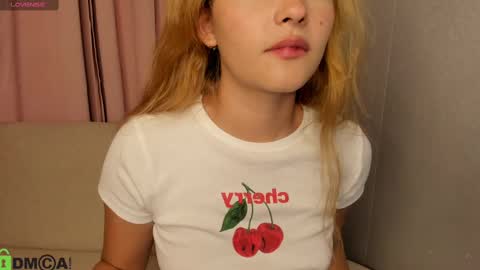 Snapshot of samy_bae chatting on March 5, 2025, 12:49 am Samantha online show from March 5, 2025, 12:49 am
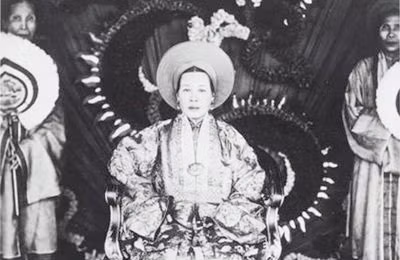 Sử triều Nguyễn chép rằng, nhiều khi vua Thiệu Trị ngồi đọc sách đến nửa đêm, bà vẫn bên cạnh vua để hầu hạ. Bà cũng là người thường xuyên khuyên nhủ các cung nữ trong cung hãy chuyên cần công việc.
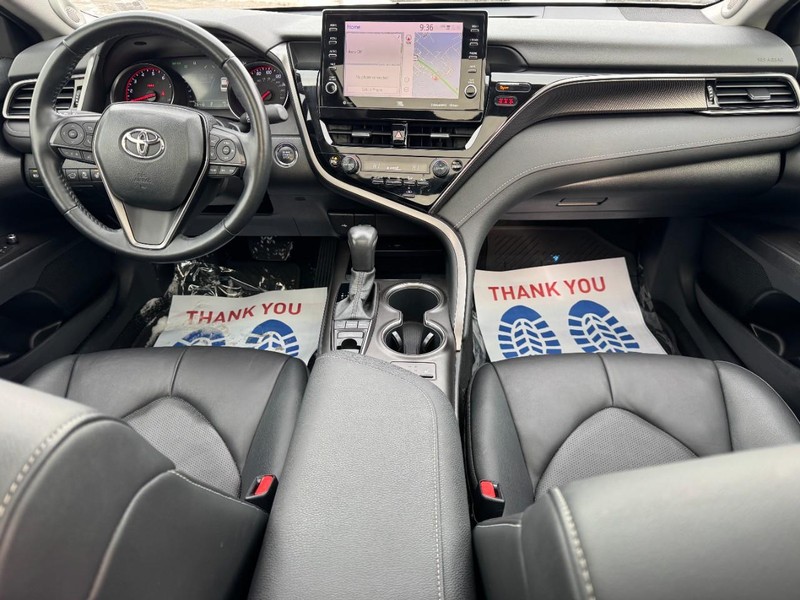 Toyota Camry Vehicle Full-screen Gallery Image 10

---

## What to produce
From the first line to the last, please copy the data exactly, with the pictures left out.

## Result of this exercise
 Snapshot of samy_bae chatting on March 5, 2025, 12:49 am Samantha online show from March 5, 2025, 12:49 am
 Sử triều Nguyễn chép rằng, nhiều khi vua Thiệu Trị ngồi đọc sách đến nửa đêm, bà vẫn bên cạnh vua để hầu hạ. Bà cũng là người thường xuyên khuyên nhủ các cung nữ trong cung hãy chuyên cần công việc.
 Toyota Camry Vehicle Full-screen Gallery Image 10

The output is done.